Setelah penangkapan itu, Sultan Ageng Tirtayasa dipenjarakan di Batavia sampai meninggal pada tahun 1692. Sultan Haji sendiri akhirnya naik takhta sebagai raja Banten atas restu VOC, Sultan Haji memerintah dari tahun 1682 sampai dengan 1687. Pada tanggal 17 April 1684, ditandatanganilah perjanjian antara VOC dan Kerajaan Banten dalam bahasa Belanda, Jawa, dan Melayu yang berisi 10 pasal. Perjanjian inilah yang menandai berakhirnya kekuasaan Kerajaan Banten, dan dimulainya monopoli VOC atas Kerajaan Banten. Kerajaan Banten sendiri belum lenyap, melainkan tidak memiliki lagi kekuatan untuk menegakkan eksistensinya layaknya seperti yang telah dilakukan oleh Sultan Ageng Tirtayasa.
Daftar Bacaan
- Kartodirjo, Sartono. 1990. Pengantar Sejarah Indonesia Baru II: Sejarah Pergerakan Nasional dari Kolonialisme sampai Nasionalisme. Jakarta: Gramedia.

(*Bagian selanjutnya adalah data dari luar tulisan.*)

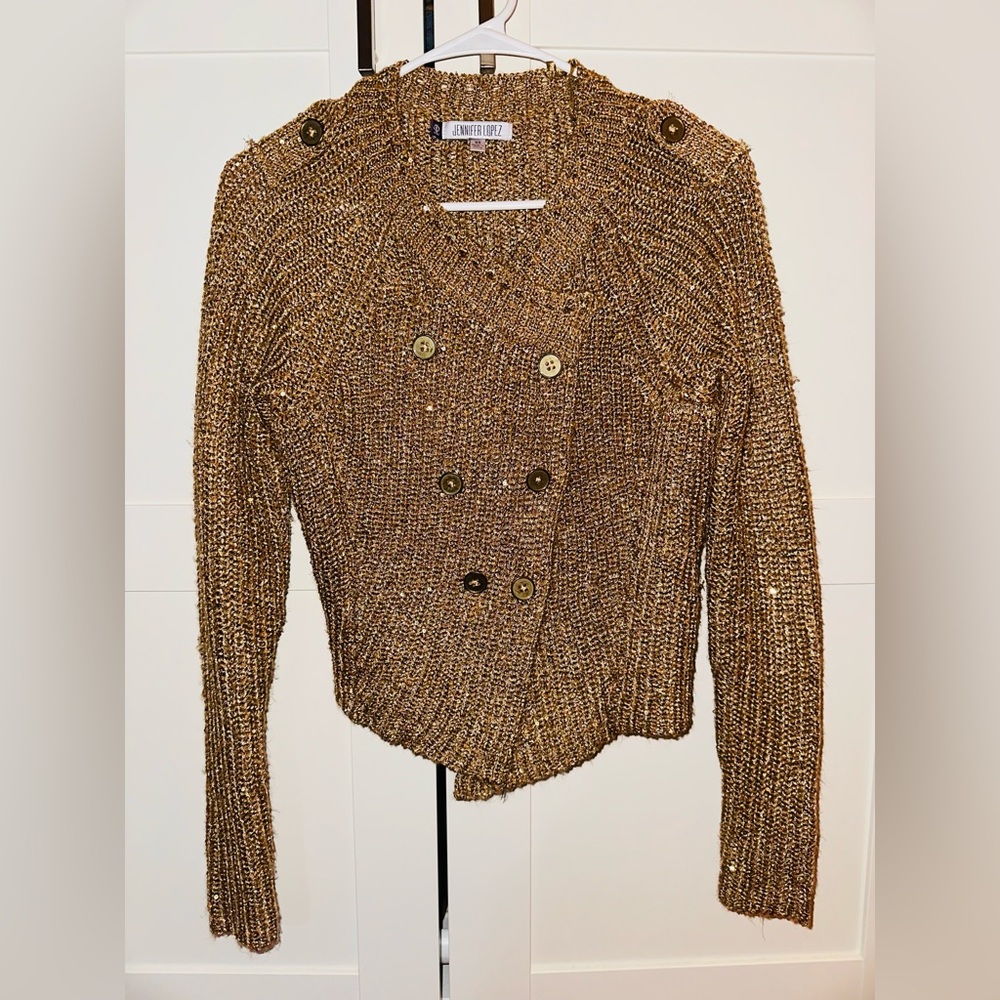 🆕Jeniffer Lopez Gold Sweater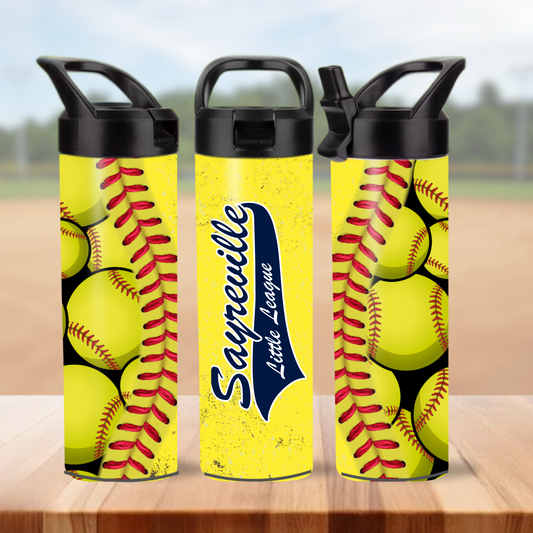SLL 12 -Sayreville Little League - 20oz Insulated Sports Water Bottle (Softball or Baseball)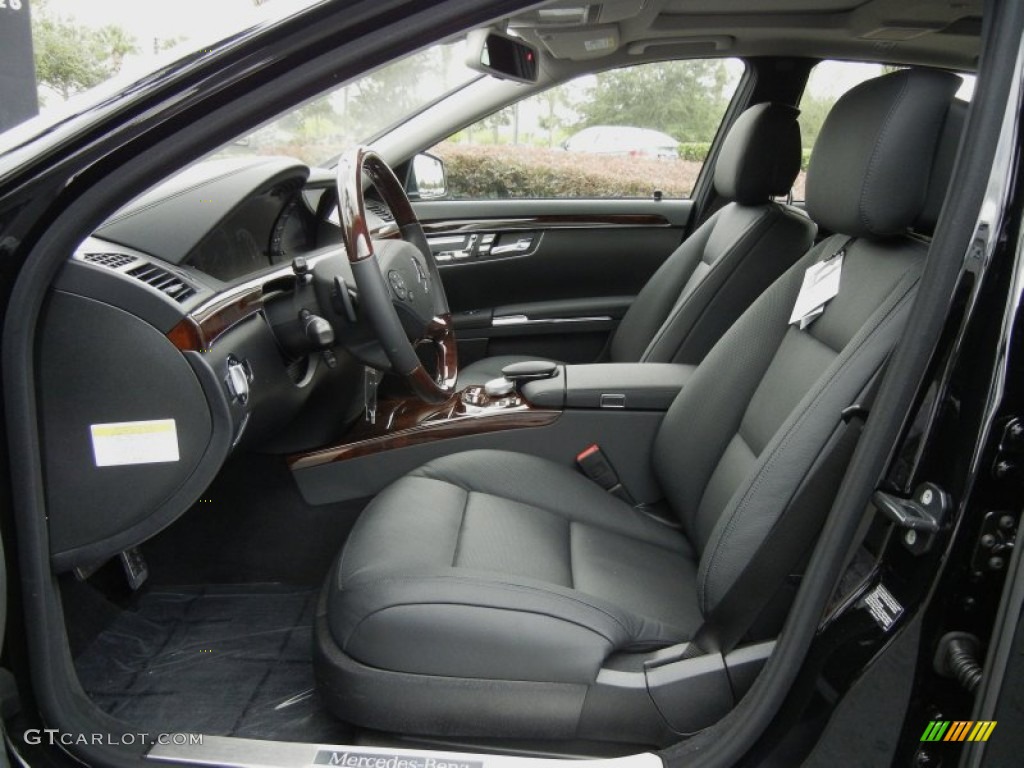 Black Interior 2013 Mercedes-Benz S 550 Sedan Photo #71866173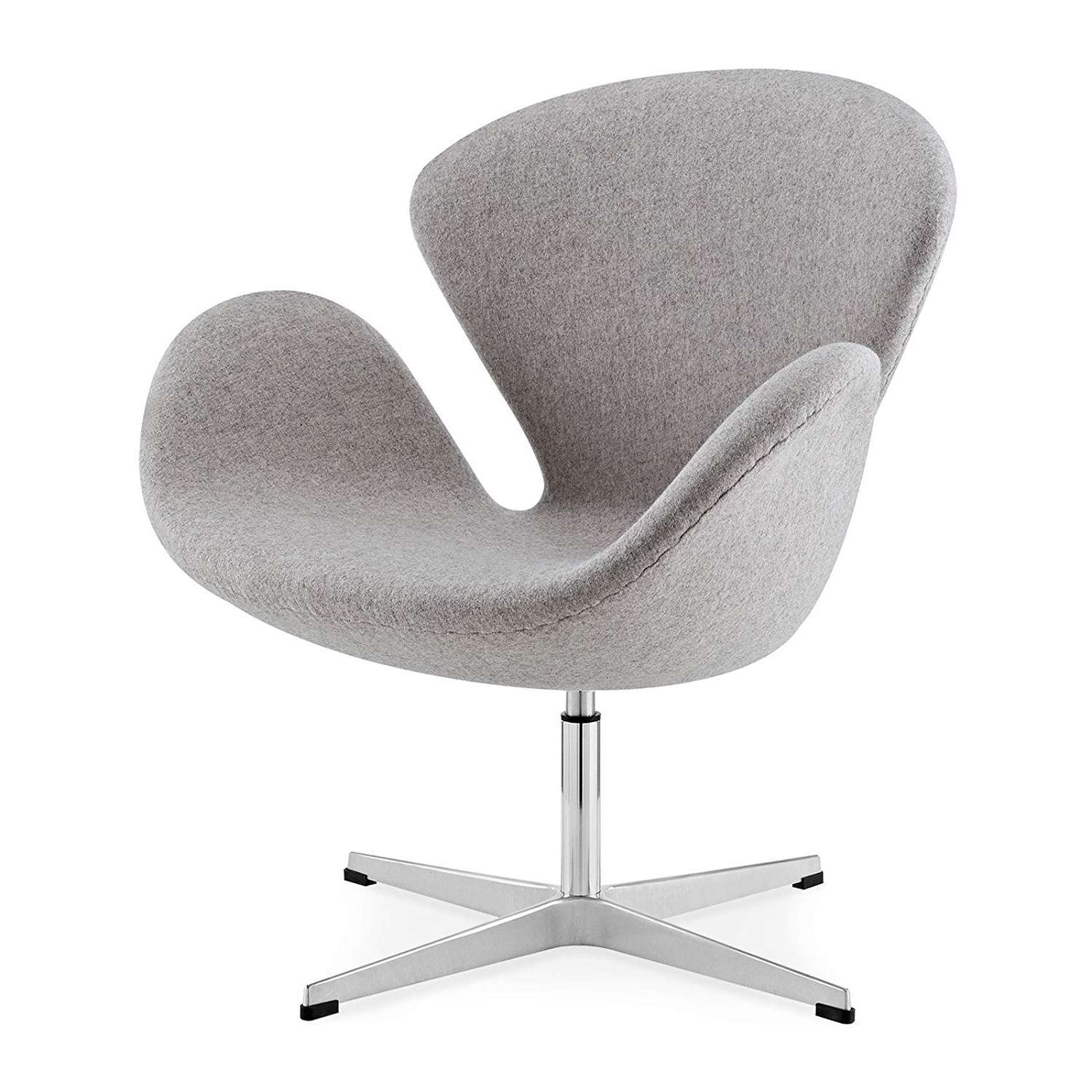 Arne Jacobsen style, Lounge stoel Swan Kasjmier lichtgrijs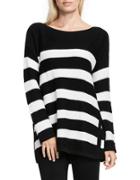 Vince Camuto Striped Cotton-blend Pullover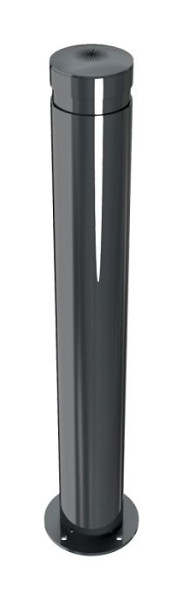 Schake Aluminiumpoller Ø 120 mm, ortsfest, für Dübel Befestigung mit Bodenplatte Ø 180 mm, Höhe Überflur 900 mm Gesamtlänge ca. 1200 mm, 40121PB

- Poesponegoro, Marwati Djoened & Nugroho Notosusanto. 2011. Sejarah Nasional Indonesia III: Zaman Pertumbuhan Dan Perkembangan Kerajaan Islam. Jakarta: Balai Pustaka.
- Poesponegoro, Marwati Djoened & Nugroho Notosusanto (ed.). 2011. Sejarah Nasional Indonesia IV: Kemunculan Penjajahan Di Indonesia. Jakarta: Balai Pustaka.
- Ricklefs, M. C. 2009. Sejarah Indonesia Modern 1200- 2004. Jakarta: Serambi.